Mais depuis tout ça, il s’est reconverti en antinazi antinégationniste.
New Sweden shoes
Peter Sweden se serait-il laissé entraîner à l’extrême pour reculer ensuite (oui, ça arrive) ? Un tweet de sa main permet en tout cas d’envisager que des lectures complotistes l’influençaient : « J’ai aussi entendu que les camps de concentration [extermination] avaient en fait des piscines, des cinémas, des théâtres, des terrains de foot, etc. (photos). Votre opinion ? » Dans un cadre plus ridicule, il affirmait que « presque tous les studios pornos appartiennent à des Juifs ».
On peut aussi se demander s’il n’a pas compris, à un moment donné, que ses opinions sur la Shoah l’empêchaient de progresser au sein même de l’alt-right. À l’été 2017, lors d’une opération d’extrême droite contre les navires de sauvetage en Méditerranée (Defend Europe), il a rencontré la plus dingue des chroniqueuses alt-right (notamment de FoxNews), Katie Hopkins — une raciste patentée qui a fait croire, par exemple, que l’incendie d’un entrepôt communal à Koekelberg était dû à un attentat islamiste « molenbeekois » et n’a jamais retiré son grossier pépiement malgré les corrections factuelles que lui ont envoyées à peu près tous les journalistes belges sur Twitter. Lors de l’opération anti-immigration en Méditerranée, Katie Hopkins a publié une photo en compagnie de « son ami » Peter Sweden, ce qui a rapidement fait gonfler le compte Twitter de ce dernier. Mais, probablement parce que le Huffington Post a alors relevé que le nouveau pote de Katie avait nié la Shoah en 2016, elle a rapidement viré la photo, sans plus d’explications.

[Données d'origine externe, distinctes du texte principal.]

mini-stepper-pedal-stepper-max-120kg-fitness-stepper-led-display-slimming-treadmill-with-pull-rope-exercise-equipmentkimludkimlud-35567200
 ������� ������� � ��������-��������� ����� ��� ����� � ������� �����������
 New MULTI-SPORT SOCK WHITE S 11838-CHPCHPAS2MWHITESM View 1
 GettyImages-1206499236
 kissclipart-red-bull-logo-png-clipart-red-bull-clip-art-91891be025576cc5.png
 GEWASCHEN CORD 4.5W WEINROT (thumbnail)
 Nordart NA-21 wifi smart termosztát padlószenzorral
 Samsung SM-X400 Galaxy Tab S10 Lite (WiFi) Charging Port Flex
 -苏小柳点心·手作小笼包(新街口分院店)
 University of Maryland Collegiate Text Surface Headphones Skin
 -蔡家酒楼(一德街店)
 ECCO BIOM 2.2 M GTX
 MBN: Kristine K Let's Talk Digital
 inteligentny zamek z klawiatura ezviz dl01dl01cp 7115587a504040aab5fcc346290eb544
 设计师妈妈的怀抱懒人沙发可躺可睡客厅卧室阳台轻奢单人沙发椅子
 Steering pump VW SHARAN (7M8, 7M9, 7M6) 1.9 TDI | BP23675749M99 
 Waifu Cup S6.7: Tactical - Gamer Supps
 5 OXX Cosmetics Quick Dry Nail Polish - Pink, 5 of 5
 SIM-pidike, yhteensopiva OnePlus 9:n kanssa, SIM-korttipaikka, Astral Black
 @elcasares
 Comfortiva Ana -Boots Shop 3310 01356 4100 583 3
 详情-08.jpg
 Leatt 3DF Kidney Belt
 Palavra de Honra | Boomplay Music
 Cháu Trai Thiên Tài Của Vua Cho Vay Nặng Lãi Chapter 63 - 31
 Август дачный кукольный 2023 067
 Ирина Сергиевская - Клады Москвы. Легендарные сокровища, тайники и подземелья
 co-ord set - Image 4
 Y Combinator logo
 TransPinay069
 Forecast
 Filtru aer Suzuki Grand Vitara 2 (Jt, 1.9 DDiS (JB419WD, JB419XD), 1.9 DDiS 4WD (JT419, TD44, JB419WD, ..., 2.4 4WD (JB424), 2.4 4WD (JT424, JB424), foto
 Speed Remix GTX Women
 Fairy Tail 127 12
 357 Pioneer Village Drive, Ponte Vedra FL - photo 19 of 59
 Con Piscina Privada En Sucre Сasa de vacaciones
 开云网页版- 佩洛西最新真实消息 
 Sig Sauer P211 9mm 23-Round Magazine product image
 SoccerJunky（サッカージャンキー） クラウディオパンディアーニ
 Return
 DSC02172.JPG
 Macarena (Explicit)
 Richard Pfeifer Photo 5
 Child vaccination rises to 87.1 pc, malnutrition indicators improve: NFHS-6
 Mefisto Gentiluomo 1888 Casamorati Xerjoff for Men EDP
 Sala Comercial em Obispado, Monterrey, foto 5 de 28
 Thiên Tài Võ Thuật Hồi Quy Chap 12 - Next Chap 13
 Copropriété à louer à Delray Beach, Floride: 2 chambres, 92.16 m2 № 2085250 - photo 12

Molenbeek. What on earth would cause an explosion like that in the Jihadi Capital of Europe at the start of Ramadan? *coughs* pic.twitter.com/0QdBuH97b3
— Katie Hopkins (@KTHopkins) 15 mai 2018
Hope Not Hate
Toujours en été 2017, quelques jours après la révélation de ses tweets négationnistes par le Huffington Post, Peter Sweden publiait un gazouillis expliquant qu’il n’était plus négationniste, avec un texte en attachement. « J’ai grandi [il avait 21 ans à l’époque de ces tweets, 23 ans aujourd’hui] et je regrette profondément les choses que j’ai dites quand j’étais jeune ». Il affirmait aussi : « Bien sûr, je crois que la Shoah est arrivée et que c’est un crime horrible ». Il s’y distanciait encore du national-socialisme, d’Hitler, et de l’antisémitisme. Cette explication est plausible, dès lors qu’il a cessé, vers la fin 2016, ses tweets pro-Führer.
Quelques semaines plus tard, Hopenothate révélait son identité, son métier (photographe) et le fait qu’il était en fait un… immigré suédois au Royaume-Uni. Héhé.
En réponse, Peter Sweden a critiqué la « campagne de dénigrement » contre lui, expliquant qu’il a bien toujours cru que la Shoah a existé, mais que face aux « mensonges de la presse » (lesquels ?), il s’est posé ouvertement des questions en 2016. Mais depuis lors, il croit que la Shoah existe. En gros, il ne sait pas trop quand il y a cru : depuis toujours, ou depuis 2017 ?
Il y reconnait aussi qu’il est « right-wing » (« aile droite », une définition vague qui irait en France de Nadine Morano à Nation). Et bien sûr, histoire de se défendre de tout racisme, il affirme, bien lourdaud, que… « l’un de mes meilleurs amis est une personne noire ». Ben tiens. Peter Imanuelsen n’est pas raciste, puisqu’il a un ami noir ! Concluons : on peut croire à la version « Peter Sweden n’est plus négationniste », non sans garder un doute. Mais on ne peut pas croire à la version « Peter Sweden est de droite fréquentable ».
Francken, l’abuseur abusé.
Néanmoins, depuis lors, il twitte sous un profil apparemment respectable : « Je suis Peter Imanuelsen. Journaliste suédois freelance. Commentateur politique. Je méprise les nazis et les communistes. L’amour pas la haine. »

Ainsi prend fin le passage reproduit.